How to gather baseline metrics on Kubernetes resource utilization

March 24, 2023Keith Calligan6-minute read

To properly size a recently built Red Hat OpenShift Container Platform (OCP) cluster, you need to have information about your hardware components. These pieces of information should be gathered before you add any additional or custom workloads, such as base OCP components and OCP Operators such as ODF, Quay registry, Advanced Cluster Management (ACM), and Advanced Cluster Security (ACS). In this article, I'll demonstrate how to find this information.

[ Learn more about automating your container orchestration platform in the Kubernetes Operators eBook. ]

Key definitions

One of the first concepts to understand when measuring resources in Kubernetes and OCP is how CPU power is accounted for. CPU processing power in Kubernetes and OCP is measured in millicores. One thousand millicores is related to one thread. For example, I have a test server with four physical cores, or eight threads. OCP detects this server as having 7,500 millicores available (a little bit is subtracted for overhead).
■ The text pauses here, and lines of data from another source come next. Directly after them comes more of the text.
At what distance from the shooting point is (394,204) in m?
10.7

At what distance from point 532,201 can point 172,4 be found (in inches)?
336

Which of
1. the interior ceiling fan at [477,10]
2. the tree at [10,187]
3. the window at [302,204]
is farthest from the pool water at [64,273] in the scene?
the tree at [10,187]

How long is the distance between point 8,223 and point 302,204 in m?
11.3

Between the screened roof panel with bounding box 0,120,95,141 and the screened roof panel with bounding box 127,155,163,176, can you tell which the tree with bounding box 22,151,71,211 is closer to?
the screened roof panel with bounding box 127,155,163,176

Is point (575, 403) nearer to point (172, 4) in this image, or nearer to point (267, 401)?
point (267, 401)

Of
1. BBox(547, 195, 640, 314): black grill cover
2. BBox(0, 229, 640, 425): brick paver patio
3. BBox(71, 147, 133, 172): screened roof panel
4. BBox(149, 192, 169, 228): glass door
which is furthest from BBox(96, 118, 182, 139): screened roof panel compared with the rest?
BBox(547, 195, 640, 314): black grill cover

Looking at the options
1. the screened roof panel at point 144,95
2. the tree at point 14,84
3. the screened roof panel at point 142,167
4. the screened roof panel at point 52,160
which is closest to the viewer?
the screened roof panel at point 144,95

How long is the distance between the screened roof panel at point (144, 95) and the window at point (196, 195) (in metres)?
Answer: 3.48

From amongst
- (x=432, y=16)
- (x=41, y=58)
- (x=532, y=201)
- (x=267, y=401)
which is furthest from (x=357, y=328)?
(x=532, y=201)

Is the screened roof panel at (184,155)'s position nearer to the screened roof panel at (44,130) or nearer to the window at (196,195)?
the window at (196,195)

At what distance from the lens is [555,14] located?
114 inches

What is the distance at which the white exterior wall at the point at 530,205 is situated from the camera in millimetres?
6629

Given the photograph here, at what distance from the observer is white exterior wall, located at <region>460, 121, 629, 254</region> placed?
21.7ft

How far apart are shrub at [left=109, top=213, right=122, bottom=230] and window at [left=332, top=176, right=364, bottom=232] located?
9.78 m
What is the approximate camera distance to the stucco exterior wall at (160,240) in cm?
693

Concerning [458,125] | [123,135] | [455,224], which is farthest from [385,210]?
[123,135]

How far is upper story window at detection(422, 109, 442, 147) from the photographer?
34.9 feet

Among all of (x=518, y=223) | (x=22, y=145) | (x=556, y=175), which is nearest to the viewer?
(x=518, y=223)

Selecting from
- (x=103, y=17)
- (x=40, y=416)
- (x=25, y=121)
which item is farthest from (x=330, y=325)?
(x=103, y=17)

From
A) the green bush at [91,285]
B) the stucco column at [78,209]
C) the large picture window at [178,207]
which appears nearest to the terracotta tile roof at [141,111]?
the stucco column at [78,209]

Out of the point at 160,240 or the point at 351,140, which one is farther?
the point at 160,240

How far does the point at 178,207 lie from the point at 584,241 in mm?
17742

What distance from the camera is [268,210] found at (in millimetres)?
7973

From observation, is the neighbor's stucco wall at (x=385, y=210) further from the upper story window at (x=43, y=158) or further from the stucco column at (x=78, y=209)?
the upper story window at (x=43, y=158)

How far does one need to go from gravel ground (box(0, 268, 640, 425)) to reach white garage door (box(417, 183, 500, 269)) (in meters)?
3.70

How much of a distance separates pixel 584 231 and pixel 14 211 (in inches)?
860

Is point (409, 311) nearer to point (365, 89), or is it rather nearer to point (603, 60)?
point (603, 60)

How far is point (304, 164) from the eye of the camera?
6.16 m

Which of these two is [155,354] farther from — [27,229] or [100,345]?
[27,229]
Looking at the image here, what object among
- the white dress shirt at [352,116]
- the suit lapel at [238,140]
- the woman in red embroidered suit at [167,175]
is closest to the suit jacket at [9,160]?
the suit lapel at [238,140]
Here are some related terms to understand:

CPU requests: This is the minimum amount of CPU resources (in millicores) allocated to a pod or container.
Memory requests: This is the minimum amount of memory allocated to a pod or container.
CPU limits: This is the maximum amount of CPU resources (in millicores) allocated to a pod or container. This must be set to prevent a process from consuming too much CPU, which may cause another workload not to schedule or to fail.
Memory limits: This is the minimum amount of memory resources allocated to a pod or container. This must be set to prevent a process from consuming too much memory, which may cause another workload not to schedule or to fail.
Storage: In regard to node-level storage, enough storage must be available to account for ephemeral (non-permanent) storage. This isn't typically a problem.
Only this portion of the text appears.